Mulberry Syrup Recipe – Northern Summer Foraging
We move a lot. Nothing new having been a military family. We have wandered our way back home and into a bit of our old life. That includes summer traditions like picking Mulberries out of the backyard or the nearest vacant lot.
These juicy mulberries find their way to our table and the kids get a sense of accomplishment knowing they helped get them there. This Mulberry Syrup is perfect for breakfast or added to a fun dessert, even a batch of fresh lemonade.
]This is an easy way to get some of the benefits of mulberries’ high antioxidant levels into your diet even if you find mulberries to not be sweet enough.
I took the kids around in the family and friends backyards and the empty lots picking fresh mulberries. It’s really a fun way to spend a summer afternoon and makes for a great first experience in foraging for the children. They enjoyed it and I plan on buying a few local foraging guides and see what else we can dig up.
Make your own mulberry syrup
If you’re in Michigan like us you are bound to find some running around that you can gather this time of year. Drag the kids out and go mulberry picking. Then give this recipe a try. It’s really simple. I miss our fallish syrups like the Apple Cider Syrup so this was a fun addition.
What you need to make mulberry syrup
- 2 cups mulberries
- 1 cup water
- 2 cups sugar
- 1 tablespoon vanilla extract (optional)
How to make mulberry syrup
- Place mulberries, vanilla, and water into a medium saucepan. Bring to a boil then let simmer for 10 minutes.
- Strain mulberries into a 2nd pan or large glass bowl. Some seeds will get through but not many.
- Add sugar and simmer on medium heat until thickened (about ten minutes)
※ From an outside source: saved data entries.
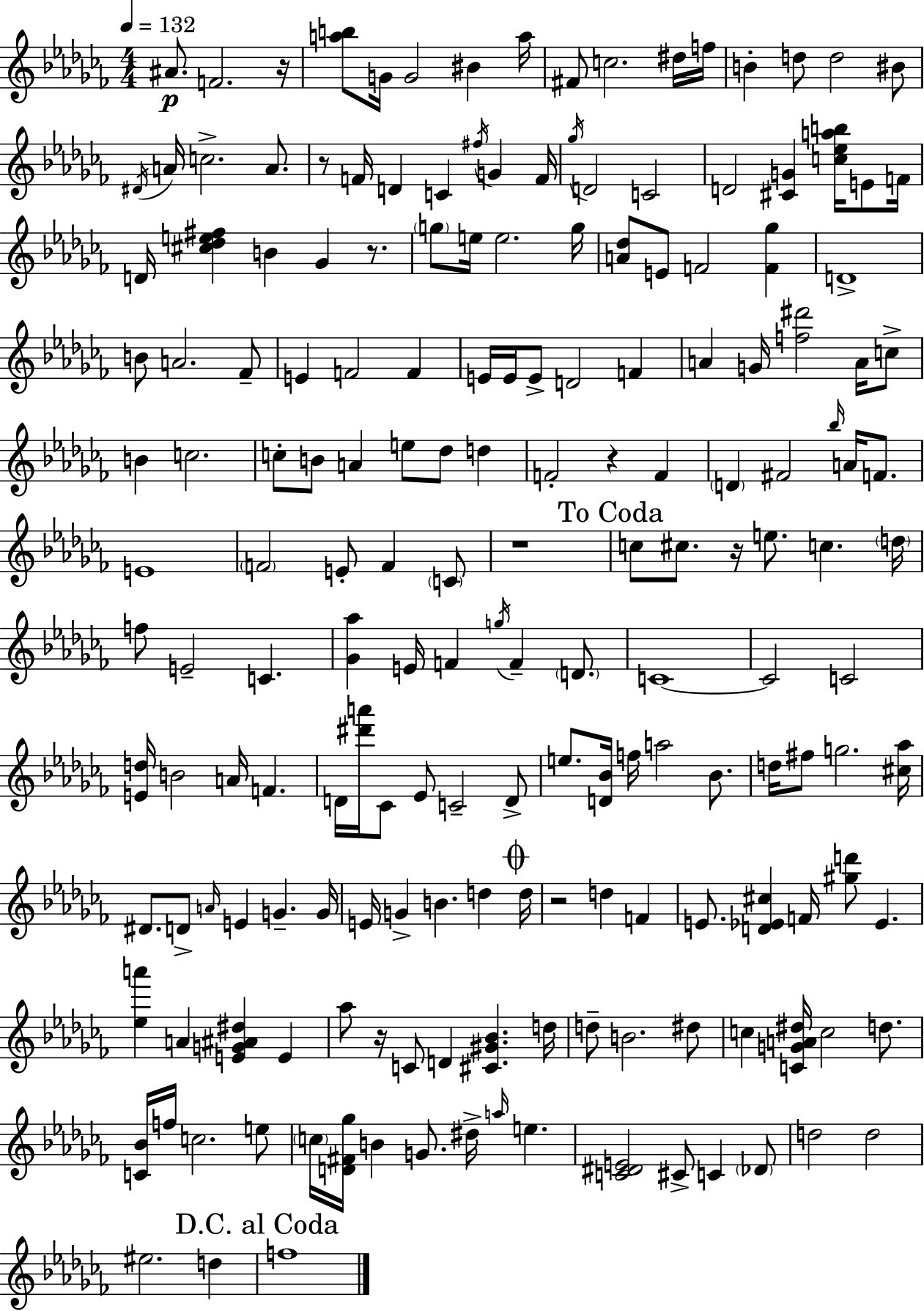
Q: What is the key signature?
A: AES minor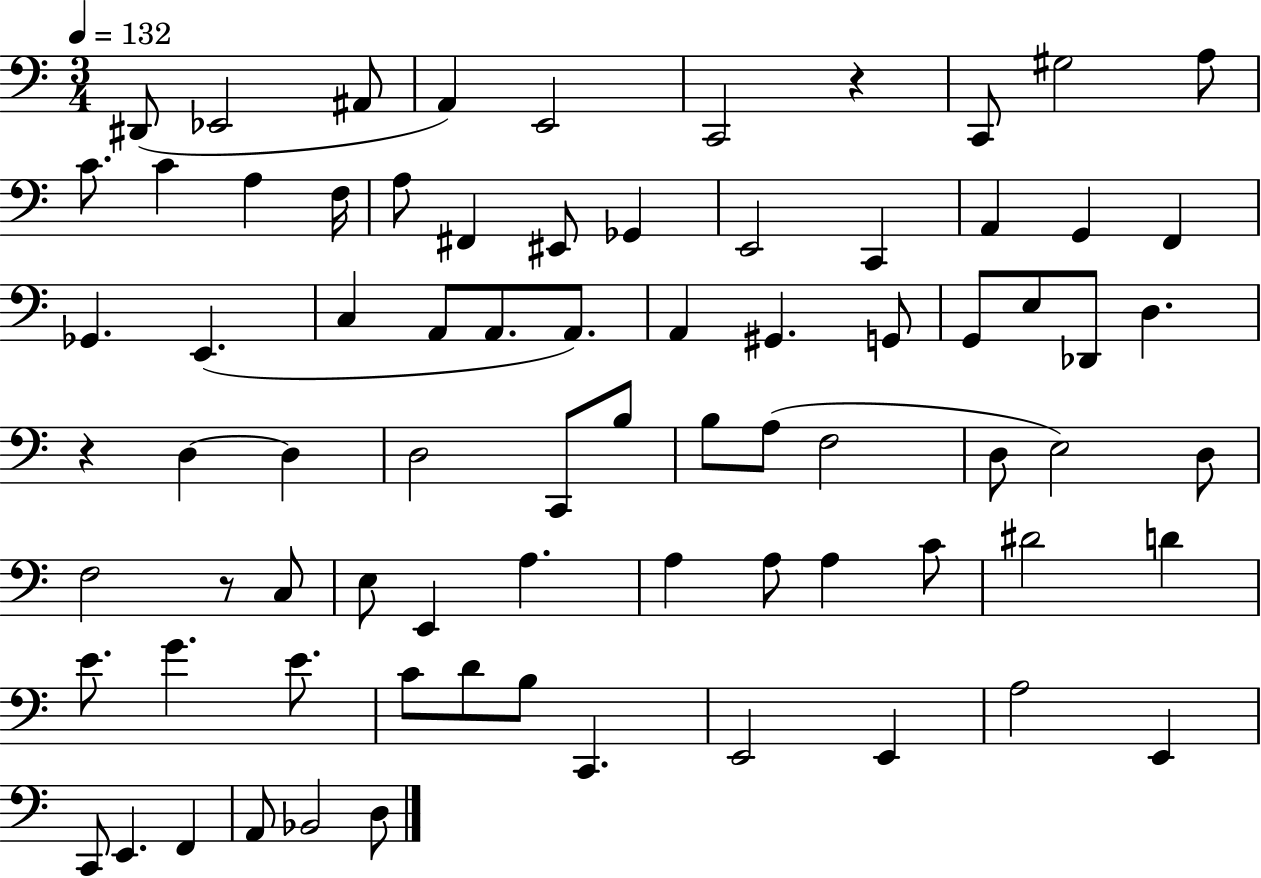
{
  \clef bass
  \numericTimeSignature
  \time 3/4
  \key c \major
  \tempo 4 = 132
  dis,8( ees,2 ais,8 | a,4) e,2 | c,2 r4 | c,8 gis2 a8 | \break c'8. c'4 a4 f16 | a8 fis,4 eis,8 ges,4 | e,2 c,4 | a,4 g,4 f,4 | \break ges,4. e,4.( | c4 a,8 a,8. a,8.) | a,4 gis,4. g,8 | g,8 e8 des,8 d4. | \break r4 d4~~ d4 | d2 c,8 b8 | b8 a8( f2 | d8 e2) d8 | \break f2 r8 c8 | e8 e,4 a4. | a4 a8 a4 c'8 | dis'2 d'4 | \break e'8. g'4. e'8. | c'8 d'8 b8 c,4. | e,2 e,4 | a2 e,4 | \break c,8 e,4. f,4 | a,8 bes,2 d8 | \bar "|."
}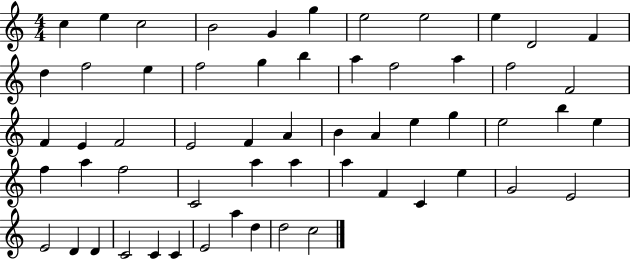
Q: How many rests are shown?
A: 0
- Chill and store in an airtight container in the fridge for up to two weeks.
This is great for topping yogurt, cheesecake, and your favorite breakfast dishes. These would make a great base for flavoring homemade freezer pops this summer.
When does the vanilla extract come into the picture?
It is an optional flavoring you can add as some find mulberries to be a bit bland.
I think the question was, at what point in the recipe would one add the optional vanilla extract? 🙂
Great question. This addded ingrednet can be added at any time. I prefer to taste test to decide if I want to add it as some
batches of mulbrries are so much more flavorful than others.
Is this able to be canned for future use?
Do you pick off all the green stems before cooking? Or will they strain out? What type of strainer do you recommend?